Infine le parole di Thabo Mbeki, l’attuale presidente del Sudafrica, che all’inizio del suo mandato presidenziale affermava: «Il virus è tra di noi, è reale, si sta diffondendo. Per troppo tempo abbiamo chiuso gli occhi, sperando che la verità non fosse così vera. E invece è con noi, nei posti di lavoro, nelle nostre classi scolastiche, nelle biblioteche. C’è nei nostri incontri di preghiera e in altre funzioni religiose… L’Aids è un mio problema. È un tuo problema. Ogni giorno e ogni notte, ovunque noi siamo, noi informeremo le nostre famiglie, amici e vicini che essi si possono salvare e possono salvare la nazione, cambiando il loro modo di vivere e di amare. Coloro che sono ammalati di Hiv-Aids sono persone umane, come voi e come me. Quando diamo loro una mano, noi costruiamo la nostra propria umanità».

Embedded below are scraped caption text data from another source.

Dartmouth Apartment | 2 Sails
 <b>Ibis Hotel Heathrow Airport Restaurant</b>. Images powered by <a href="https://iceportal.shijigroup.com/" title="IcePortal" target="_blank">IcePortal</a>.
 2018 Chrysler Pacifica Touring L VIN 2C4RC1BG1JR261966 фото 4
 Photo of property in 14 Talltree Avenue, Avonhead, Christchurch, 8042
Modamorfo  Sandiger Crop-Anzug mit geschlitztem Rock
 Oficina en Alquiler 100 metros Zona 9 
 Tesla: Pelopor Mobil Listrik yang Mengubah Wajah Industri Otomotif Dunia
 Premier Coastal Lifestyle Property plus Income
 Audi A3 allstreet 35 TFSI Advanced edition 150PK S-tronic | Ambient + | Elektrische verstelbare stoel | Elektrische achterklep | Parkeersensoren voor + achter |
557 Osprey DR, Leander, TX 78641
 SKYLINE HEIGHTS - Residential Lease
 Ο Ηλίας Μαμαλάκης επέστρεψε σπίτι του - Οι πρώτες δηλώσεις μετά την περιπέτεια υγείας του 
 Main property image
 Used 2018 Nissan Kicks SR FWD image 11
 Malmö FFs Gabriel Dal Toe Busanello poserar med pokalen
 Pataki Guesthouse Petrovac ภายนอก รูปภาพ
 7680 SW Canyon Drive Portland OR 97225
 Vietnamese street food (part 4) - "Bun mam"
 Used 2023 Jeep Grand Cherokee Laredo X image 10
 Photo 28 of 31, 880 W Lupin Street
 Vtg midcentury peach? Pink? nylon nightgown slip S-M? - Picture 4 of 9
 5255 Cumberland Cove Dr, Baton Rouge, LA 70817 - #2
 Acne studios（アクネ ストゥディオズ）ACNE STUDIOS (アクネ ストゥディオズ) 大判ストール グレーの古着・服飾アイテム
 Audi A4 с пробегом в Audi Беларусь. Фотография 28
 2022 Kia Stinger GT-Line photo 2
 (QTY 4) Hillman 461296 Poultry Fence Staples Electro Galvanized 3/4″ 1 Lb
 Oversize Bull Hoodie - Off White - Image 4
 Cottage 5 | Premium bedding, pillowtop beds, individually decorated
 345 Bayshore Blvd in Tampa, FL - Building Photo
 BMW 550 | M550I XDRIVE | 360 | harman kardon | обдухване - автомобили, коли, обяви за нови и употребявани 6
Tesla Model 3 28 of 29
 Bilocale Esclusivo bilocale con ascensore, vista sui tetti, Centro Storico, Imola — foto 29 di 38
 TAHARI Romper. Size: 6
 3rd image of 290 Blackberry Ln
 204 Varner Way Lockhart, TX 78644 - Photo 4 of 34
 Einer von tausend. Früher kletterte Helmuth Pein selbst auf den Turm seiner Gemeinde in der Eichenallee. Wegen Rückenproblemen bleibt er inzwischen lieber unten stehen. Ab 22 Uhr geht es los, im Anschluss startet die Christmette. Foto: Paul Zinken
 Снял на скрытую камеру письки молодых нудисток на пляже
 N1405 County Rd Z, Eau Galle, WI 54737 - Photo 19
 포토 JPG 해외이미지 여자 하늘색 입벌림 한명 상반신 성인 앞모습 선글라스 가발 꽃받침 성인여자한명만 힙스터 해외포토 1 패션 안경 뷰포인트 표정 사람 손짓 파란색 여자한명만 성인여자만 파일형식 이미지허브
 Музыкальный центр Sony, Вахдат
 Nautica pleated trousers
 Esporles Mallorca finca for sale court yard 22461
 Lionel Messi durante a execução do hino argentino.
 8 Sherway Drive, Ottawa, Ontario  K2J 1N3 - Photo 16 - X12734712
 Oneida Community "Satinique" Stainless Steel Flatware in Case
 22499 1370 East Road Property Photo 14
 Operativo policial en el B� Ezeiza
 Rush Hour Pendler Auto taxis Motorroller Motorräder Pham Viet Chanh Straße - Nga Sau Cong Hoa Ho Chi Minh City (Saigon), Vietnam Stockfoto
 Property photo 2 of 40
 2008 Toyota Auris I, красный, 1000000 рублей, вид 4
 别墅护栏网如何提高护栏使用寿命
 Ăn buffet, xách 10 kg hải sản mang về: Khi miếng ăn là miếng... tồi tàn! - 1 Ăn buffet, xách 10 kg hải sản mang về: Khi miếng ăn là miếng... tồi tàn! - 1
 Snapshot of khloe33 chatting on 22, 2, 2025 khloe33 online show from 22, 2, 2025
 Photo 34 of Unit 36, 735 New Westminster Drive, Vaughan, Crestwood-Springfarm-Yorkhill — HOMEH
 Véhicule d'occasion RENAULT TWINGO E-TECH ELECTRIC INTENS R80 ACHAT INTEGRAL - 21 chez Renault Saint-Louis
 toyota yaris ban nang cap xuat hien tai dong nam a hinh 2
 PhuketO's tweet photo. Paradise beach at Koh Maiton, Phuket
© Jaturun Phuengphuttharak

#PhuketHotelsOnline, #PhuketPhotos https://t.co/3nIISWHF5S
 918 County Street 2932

P ur salvaguardando i diritti legati ai brevetti farmaceutici, il diritto alla salute, soprattutto per i poveri, viene prima di ogni possibile business miliardario delle case farmaceutiche. Anche per questo, la Campagna «Salute Africa» ha come sottotitolo «Nella Giustizia la lotta all’Aids». Affermo con forza: «Prima la salute, poi il commercio».
Già la Santa Sede, in occasione della presentazione del messaggio della Quaresima 2004, dedicato alla difesa dei bambini, chiedeva ufficialmente, attraverso il presidente del Pontificio consiglio per la promozione umana e cristiana Cor Unum, l’arcivescovo Paul Josef Cordes, che fossero abbassati i prezzi dei farmaci antiretrovirali. Ma il forte appello non ha minimamente scalfito le coscienze dei signori del farmaco. Anche in questi momenti, in Africa e in altre vaste regioni del Sud del mondo, continuano a morire nel silenzio milioni di persone che potrebbero essere salvate. E allora, senza perdere altro tempo:
«ROMPIAMO IL SILENZIO!»
Per questo i missionari della Consolata (padri e suore, fratelli e volontari) hanno scelto di scendere in campo e chiedono di unirsi a loro nel farsi carico di questa immane tragedia.